Seis cuarenta y cinco de la mañana, suena el despertador del celular. Me levanto, voy al baño primero y después a la cocina, y me hago un café expreso bien cargado para desperezar mis adormiladas neuronas. Prendo la computadora y, entre bostezos, leo mi lista de pendientes. Tras el primer par de sorbos al café—¡diantres, olvidé traerme el pan dulce!—, lo recuerdo: el encargo es escribir acerca de un estudio científico firmado por el doctor John Pasley —del departamento de física de la Universidad de York, en el Reino Unido— sobre el sonido que producen las estrellas.
El sonido que producen las estrellas. La frase retumba en mi cabeza mientras me termino de un trago el expreso y, de camino a la cocina por mi segunda dosis de la mañana, me pregunto cómo es eso posible, si uno de los primeros argumentos de los puristas para desacreditar películas de ciencia ficción como Star Wars, es que cuando las naves —o los planetas, para el caso es lo mismo; ¿dónde diantres dejé la cuchara del azúcar?— explotan, sería imposible escuchar la explosión pues el sonido no se propaga en el vacío del espacio.
Pero no debo dejarme llevar por mis prejuicios, habrá primero que leer qué dice el estudio y después sacar conjeturas. Ya con mi segunda demitasse en mano, vuelvo al escritorio y frente a la pantalla. Pero, volviendo a esto del sonido de las estrellas, ¿tendrá algo que ver con la idea pitagórica de la “armonía de las esferas” o la música que, según el genial griego, producían el Sol y los planetas al girar en sus órbitas perfectas? [1]
Pero bueno, esa idea ha sido más que desechada, pues en aquellos días no se conocía todo el Sistema Solar —y quizás ahora mismo exista un planeta cuya existencia ignoramos—, y hoy sabemos que sus órbitas no son perfectas y, ¡vaya!, que el sonido no se propaga en el vacío del espacio exterior. Pero leamos el estudio, no sin antes poner algo de space rock —otro tipo de música estelar— para ambientar adecuadamente la lectura.
Fiel a mi snobismo científico y a mi creciente desconfianza en lo que leo en internet por la abundancia de fake news, busco en la red la publicación original del paper [2] de la Universidad de York: en efecto, el 23 de marzo de 2015 la institución publicó que Pasley realizaba experimentos de hidrodinámica —el estudio de los fluidos en movimiento— y que, al arrojar un haz de láser ultraintenso en un plasma, como el que conforma una estrella, observó que éste fluía de las zonas de alta densidad a otras de menor concentración, generando pulsos de presión: una onda de sonido.

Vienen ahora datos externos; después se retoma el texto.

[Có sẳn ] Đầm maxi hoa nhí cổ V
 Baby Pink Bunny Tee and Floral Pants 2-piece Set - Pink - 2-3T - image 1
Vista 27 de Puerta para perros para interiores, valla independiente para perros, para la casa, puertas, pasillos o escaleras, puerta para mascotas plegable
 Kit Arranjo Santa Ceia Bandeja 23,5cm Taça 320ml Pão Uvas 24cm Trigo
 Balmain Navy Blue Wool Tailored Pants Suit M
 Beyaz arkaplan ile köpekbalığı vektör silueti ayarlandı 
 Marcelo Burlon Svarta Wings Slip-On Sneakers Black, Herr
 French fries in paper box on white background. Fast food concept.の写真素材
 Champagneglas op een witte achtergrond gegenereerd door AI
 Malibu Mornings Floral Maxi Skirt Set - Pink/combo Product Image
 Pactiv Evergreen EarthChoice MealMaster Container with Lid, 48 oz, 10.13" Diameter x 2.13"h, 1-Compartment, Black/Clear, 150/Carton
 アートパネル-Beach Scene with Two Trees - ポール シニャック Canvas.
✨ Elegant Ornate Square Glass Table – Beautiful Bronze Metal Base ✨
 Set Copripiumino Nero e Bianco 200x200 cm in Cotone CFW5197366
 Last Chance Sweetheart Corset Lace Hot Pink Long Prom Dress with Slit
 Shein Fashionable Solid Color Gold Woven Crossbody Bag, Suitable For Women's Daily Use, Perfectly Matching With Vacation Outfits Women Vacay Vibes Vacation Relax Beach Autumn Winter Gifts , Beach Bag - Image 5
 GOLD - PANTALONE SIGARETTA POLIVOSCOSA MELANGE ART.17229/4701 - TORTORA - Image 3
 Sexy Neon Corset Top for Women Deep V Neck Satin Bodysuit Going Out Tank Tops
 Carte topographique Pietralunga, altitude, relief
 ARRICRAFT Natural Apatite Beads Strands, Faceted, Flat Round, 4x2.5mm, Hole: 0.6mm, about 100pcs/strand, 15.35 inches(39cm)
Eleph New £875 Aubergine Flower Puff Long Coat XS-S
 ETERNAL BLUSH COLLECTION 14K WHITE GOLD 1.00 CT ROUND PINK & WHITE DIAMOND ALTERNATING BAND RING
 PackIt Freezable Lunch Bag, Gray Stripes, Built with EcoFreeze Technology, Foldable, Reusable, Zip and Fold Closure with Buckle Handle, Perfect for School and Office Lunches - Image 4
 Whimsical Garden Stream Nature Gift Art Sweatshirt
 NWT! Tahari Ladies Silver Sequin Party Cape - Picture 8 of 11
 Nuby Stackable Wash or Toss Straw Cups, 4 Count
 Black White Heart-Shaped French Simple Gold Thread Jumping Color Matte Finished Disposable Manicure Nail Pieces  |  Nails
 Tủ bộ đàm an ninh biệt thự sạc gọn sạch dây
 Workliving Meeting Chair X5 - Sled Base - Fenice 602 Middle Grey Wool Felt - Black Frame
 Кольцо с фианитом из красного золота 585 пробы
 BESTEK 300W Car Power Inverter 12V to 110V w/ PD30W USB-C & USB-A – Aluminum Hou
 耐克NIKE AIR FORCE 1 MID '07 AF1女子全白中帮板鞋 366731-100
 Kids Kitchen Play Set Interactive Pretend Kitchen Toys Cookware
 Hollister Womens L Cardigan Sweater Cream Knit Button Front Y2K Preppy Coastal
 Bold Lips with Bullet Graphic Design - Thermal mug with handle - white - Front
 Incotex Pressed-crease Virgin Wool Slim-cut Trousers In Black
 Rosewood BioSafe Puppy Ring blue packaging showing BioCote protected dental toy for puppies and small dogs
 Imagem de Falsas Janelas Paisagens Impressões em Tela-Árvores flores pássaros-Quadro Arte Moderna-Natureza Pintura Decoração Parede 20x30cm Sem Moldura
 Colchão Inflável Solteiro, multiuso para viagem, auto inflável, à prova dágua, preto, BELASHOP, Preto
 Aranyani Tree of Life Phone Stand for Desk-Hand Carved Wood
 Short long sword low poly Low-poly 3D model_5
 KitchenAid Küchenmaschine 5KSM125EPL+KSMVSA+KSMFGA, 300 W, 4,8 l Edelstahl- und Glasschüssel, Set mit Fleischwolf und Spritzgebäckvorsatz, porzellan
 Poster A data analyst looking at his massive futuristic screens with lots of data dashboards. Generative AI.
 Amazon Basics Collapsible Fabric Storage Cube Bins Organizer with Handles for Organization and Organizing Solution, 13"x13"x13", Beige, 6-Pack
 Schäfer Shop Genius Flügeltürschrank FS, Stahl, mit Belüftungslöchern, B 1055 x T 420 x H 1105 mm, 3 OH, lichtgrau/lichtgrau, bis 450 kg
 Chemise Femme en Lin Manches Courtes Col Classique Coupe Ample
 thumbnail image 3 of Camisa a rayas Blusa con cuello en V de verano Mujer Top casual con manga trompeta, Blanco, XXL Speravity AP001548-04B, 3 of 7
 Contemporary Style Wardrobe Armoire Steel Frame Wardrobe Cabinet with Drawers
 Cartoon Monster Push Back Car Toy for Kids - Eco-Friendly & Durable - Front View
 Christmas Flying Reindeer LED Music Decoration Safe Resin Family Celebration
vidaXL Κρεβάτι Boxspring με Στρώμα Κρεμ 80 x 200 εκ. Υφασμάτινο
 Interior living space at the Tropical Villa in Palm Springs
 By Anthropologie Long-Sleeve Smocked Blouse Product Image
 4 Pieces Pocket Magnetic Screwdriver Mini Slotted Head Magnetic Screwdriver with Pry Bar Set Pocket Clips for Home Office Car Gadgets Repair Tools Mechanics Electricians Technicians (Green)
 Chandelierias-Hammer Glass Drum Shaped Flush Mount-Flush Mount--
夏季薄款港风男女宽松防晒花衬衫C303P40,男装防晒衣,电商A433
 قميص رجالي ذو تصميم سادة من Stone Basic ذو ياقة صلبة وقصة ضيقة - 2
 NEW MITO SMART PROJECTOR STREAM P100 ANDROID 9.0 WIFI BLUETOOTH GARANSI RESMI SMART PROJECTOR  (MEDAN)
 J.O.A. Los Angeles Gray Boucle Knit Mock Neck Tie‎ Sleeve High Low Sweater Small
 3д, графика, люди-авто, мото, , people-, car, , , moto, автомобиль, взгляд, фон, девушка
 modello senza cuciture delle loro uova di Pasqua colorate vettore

El asunto, aclara el estudio, es que este sonido es tan extraordinariamente agudo que ni siquiera los murciélagos o los delfines podrían registrarlo: su frecuencia es de un billón de hertz —el rango de frecuencias audibles para el oído humano oscila entre los 20 y los 20 mil hertz—, lo que equivale a ¡seis millones de veces más agudo que lo que puede oír un mamífero!
El doctor Pasley acotó: “Uno de los pocos sitios en la naturaleza donde creemos que este efecto podría producirse es en la superficie de las estrellas. Cuando éstas acumulan nuevo material, podrían generar sonido de modo muy similar al que observamos en el laboratorio, por lo que las estrellas podrían estar cantando, pero como el sonido no puede propagarse a través del vacío del espacio, nadie puede escucharlas”. ¿Ya ven cómo sí tenía razón?
Después de mi segunda taza de expreso y de la acelerada sinapsis que ésta trajo —cito a Balzac: “El café acaricia la boca y la garganta y pone todas las fuerzas en movimiento: las ideas se precipitan como batallones en un gran ejército de batalla…”—, recuerdo que en el Halloween de hace dos años la NASA publicó una compilación de lo que llamó “sonidos tétricos del universo”.
En esta recopilación, la agencia espacial dio a conocer cómo se oyen las emisiones de ondas de radio que producían, por ejemplo, el encuentro de la extinta sonda Juno al entrar en contacto con el campo magnético de Júpiter, las emisiones de radio de Saturno, las ondas de plasma o el cometa Tempel 1.
Todo esto me hace pensar en una conversación que tuve, a ya muy altas horas de la noche, acerca de cómo con frecuencia los humanos pensamos que aquello que no podemos ver, oír o sentir —ya sea con nuestros sentidos o con los instrumentos que hemos ideado para maginificarlos— simplemente no existe, cuando lo cierto es que nuestros organismos están adaptados para percibir exclusivamente un rango muy limitado de frecuencias terrestres.
O, como lo puso un amigo: nuestros cuerpos son como radios de transistores que sólo pueden sintonizar unas cuantas estaciones de amplitud modulada, cuando allá afuera el universo está lanzando todo el tiempo “programas de radio y TV” con música, sonidos, destellos, explosiones y una cantidad ingente de fenómenos de los que quizá jamás sabremos porque no están dentro del rango de lo perceptible para la sustancia orgánica que nos conforma.
El sonido de las estrellas. La frase vuelve a retumbar en mi cabeza pero ahora con un tono distinto. Cierro los ojos y evoco a Shakespeare, que puso en boca de Hamlet la siguiente sentencia: “Hay más cosas en el cielo y la Tierra, Horacio, que las que sospecha tu filosofía”. Quizá Pitágoras supo algo que nosotros ignoramos y, en efecto, los planetas cantan y bailan, las estrellas hacen música y el universo completo es una orquesta y un ballet colosales en acción.
Eso o, simplemente, tomé demasiado café…
[1] Para saber un poco más sobre Pitágoras como padre de la música, muy pronto publicaremos un artículo al respecto.
[2] Así se conoce en inglés al estudio —normalmente, publicado en una revista o journal especializado— en el que un científico o un grupo de científicos dan fe de un descubrimiento, describiendo con detalle la metodología con la que llegaron a él y ofreciendo conclusiones que pueden ser rebatidas o confirmadas por otros científicos.